Owning and driving a car is also extremely expensive in Norway because of high taxation aimed at encouraging use of public transportation over private vehicles. Punitive taxes on car purchases, extra equipment and the power of the car’s motor, for example, along with high registration fees, road tolls and high fuel taxes make driving expenses in Norway among the highest in the world. Parking is also an expensive challenge, especially in Norwegian cities.
One of the key factors in driving stagnation also has been that fewer young people are getting driver’s licenses. In 1992, 80 percent of Norwegians between the age of 18 and 24 had their driver’s license. By 2012, just under 67 percent had learned to drive. Among Norwegians between 18 and 64, the number of people with licenses fell from 86 percent in 1992 to 82 percent in 2012.
Norwegian Broadcasting (NRK) radio hosts Silje Nordnes, aged 29, and 27-year-old Ronny Brede Aase commute by bus every day. “I have started at driving school several times over the years, but have never finished the course,” Nordnes told Aftenposten. “A license has simply not been so important to me. I manage fine without a car.”
“The other day I was meant to collect a bookcase,” she continued. “Then I found out that no one I know in Oslo has a car.
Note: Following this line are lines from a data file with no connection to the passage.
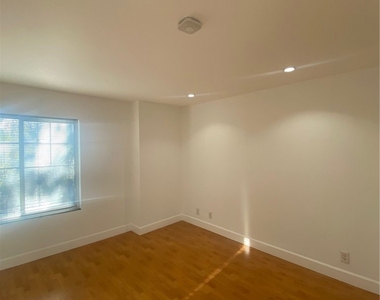 3380 Holly Grove Street - Photo Thumbnail 11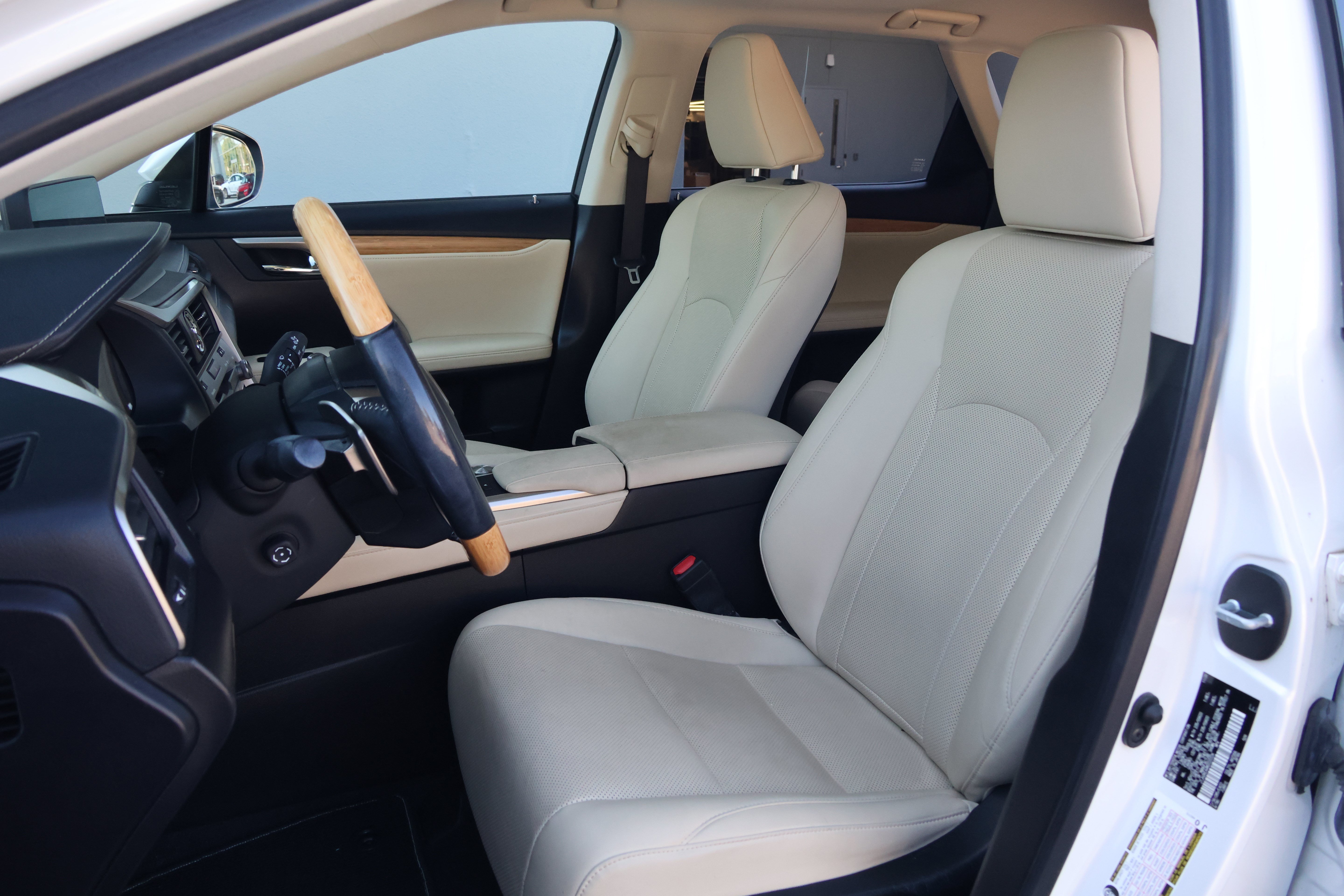 Used 2021 Lexus RX 350L FWD w/ Premium Package image 34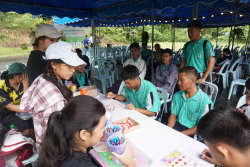 20240911134645.jpg - เยี่ยมชมบูธผลงานคณาจารย์และนักศึกษา | https://facagri.cmru.ac.th/web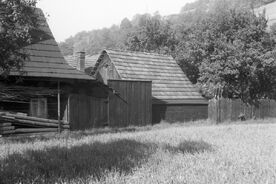 4_Stavba chléva, oplocení usedlosti, 1973 / Construction of the cowshed, farmstead fencing, 1973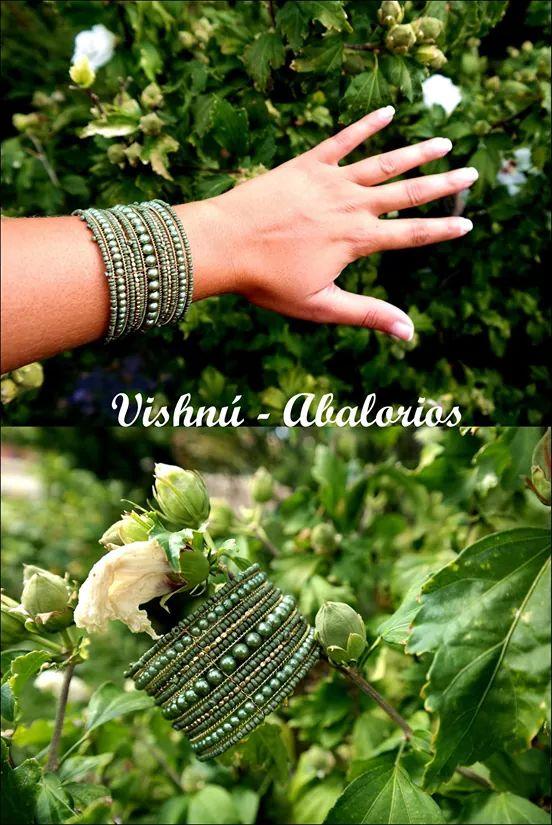 vishnuabalorios's tweet photo. NEW BRAZALETE PERLAS STRASS VERDE MILITAR 4€ http://t.co/wgUuO5VUR6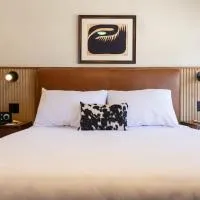 The Stranger Lodge - Pet Friendly, hotel u gradu 'Sisters'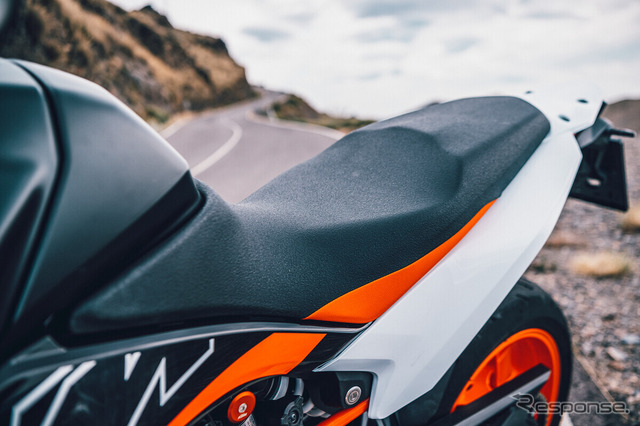 KTM 890SMT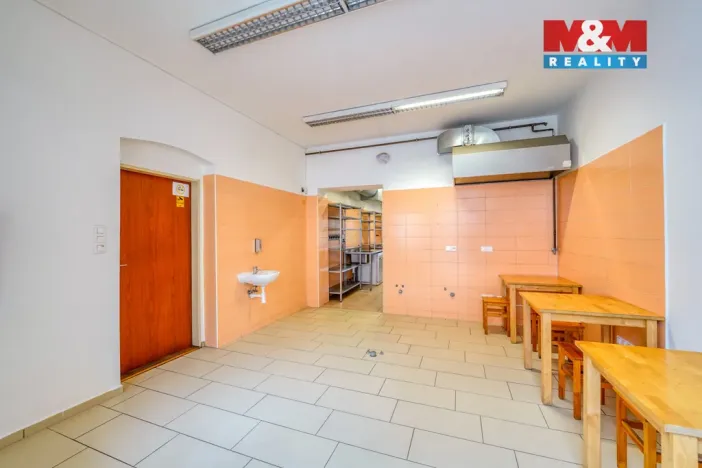 Pronájem obchodního prostoru, Plzeň - Skvrňany, Křimická, 65 m2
In the end I had to get help from the janitor where I live.”
“I think the public transport offered in Oslo is very good, and with separate lanes for buses you go quickly,” said Aase, who can’t drive because of vision problems. “People with cars also have problems I never have to think about, like not being able to find a parking space at Grünerløkka in the evening.”
Increased urbanization has also led to decreased car use. Four out of five Norwegians now live in cities and urban areas, said Vibeke Nenseth from the Institute of Transport Economics (Transportøkonomisk institutt). “More and more people live in cities where it can be a hassle to have a car and where alternatives to car use are often quite good,” she said.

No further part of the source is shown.